TASK STATEMENT:
Take the data below and extract the lines from the one with "Antenna diversity is" to the one with "First things first, even", inclusive, exactly as written.

INPUT:
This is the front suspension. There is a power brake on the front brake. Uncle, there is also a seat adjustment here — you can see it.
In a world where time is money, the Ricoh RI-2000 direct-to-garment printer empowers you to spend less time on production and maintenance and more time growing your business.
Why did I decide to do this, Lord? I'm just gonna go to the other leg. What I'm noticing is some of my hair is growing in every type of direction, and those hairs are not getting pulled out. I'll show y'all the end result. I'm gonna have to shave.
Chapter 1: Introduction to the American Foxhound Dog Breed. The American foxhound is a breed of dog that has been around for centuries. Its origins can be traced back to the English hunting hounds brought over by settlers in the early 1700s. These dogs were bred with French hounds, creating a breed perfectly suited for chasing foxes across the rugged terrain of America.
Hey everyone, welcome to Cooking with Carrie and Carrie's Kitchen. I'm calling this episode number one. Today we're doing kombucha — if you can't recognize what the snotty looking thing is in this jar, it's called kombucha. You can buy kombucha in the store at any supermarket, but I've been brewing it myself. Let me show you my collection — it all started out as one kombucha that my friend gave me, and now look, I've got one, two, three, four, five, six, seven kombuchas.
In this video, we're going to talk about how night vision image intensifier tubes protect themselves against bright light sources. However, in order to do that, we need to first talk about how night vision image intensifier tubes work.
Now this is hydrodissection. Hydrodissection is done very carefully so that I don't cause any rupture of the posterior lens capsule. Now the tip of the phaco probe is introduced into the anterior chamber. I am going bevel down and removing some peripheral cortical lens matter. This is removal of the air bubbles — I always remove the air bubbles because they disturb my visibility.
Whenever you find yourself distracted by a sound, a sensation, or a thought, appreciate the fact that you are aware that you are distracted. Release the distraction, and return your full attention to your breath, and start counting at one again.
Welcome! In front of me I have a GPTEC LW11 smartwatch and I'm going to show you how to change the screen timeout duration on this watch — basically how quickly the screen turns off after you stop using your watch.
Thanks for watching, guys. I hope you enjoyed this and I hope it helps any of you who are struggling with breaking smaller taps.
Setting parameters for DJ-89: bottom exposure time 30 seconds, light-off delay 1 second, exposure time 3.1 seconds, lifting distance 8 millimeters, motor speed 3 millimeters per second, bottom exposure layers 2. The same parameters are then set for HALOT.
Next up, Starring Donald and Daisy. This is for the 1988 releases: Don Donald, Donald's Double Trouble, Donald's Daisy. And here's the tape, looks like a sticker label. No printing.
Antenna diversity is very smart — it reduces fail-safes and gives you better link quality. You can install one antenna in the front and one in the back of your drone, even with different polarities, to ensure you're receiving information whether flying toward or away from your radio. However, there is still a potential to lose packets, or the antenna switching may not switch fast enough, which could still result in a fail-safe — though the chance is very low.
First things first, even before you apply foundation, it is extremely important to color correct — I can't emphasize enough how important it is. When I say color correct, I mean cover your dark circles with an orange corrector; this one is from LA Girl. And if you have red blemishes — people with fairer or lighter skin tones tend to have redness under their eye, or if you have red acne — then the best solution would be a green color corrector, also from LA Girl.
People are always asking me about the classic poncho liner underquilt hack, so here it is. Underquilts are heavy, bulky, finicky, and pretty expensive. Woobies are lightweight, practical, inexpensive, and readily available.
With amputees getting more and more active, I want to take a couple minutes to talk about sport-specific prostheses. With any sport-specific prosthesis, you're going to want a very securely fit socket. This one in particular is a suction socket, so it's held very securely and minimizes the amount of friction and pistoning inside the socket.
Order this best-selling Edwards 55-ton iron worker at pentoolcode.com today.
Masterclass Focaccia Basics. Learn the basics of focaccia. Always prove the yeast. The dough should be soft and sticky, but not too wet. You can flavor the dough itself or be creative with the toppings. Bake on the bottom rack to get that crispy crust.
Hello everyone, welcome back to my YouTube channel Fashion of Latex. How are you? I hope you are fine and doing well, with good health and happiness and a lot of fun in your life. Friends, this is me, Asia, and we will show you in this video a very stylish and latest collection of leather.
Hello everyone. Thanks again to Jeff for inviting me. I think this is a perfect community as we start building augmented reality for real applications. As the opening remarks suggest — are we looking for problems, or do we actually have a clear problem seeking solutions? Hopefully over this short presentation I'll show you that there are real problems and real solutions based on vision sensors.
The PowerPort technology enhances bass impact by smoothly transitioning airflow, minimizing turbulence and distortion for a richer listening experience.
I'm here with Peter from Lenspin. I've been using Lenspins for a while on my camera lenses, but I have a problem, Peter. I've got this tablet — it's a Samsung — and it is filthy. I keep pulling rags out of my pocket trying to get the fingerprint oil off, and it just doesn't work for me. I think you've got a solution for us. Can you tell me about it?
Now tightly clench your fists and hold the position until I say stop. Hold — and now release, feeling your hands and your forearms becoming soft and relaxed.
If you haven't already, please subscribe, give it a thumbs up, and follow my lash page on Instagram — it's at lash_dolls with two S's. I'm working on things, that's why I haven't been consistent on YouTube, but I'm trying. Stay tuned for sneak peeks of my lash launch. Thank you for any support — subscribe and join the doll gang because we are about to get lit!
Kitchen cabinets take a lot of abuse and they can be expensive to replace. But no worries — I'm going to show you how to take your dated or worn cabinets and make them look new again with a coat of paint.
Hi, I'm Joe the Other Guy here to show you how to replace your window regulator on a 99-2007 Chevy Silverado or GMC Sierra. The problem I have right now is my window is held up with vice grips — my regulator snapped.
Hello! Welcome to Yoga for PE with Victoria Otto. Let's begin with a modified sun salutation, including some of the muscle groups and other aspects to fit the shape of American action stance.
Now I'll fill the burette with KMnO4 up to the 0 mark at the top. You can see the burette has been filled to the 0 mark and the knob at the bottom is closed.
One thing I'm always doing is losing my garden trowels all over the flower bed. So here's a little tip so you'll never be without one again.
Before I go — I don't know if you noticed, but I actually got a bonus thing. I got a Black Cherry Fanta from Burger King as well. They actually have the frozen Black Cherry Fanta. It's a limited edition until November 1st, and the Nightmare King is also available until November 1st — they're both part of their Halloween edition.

ANSWER FOR THE TASK:
Antenna diversity is very smart — it reduces fail-safes and gives you better link quality. You can install one antenna in the front and one in the back of your drone, even with different polarities, to ensure you're receiving information whether flying toward or away from your radio. However, there is still a potential to lose packets, or the antenna switching may not switch fast enough, which could still result in a fail-safe — though the chance is very low.
First things first, even before you apply foundation, it is extremely important to color correct — I can't emphasize enough how important it is. When I say color correct, I mean cover your dark circles with an orange corrector; this one is from LA Girl. And if you have red blemishes — people with fairer or lighter skin tones tend to have redness under their eye, or if you have red acne — then the best solution would be a green color corrector, also from LA Girl.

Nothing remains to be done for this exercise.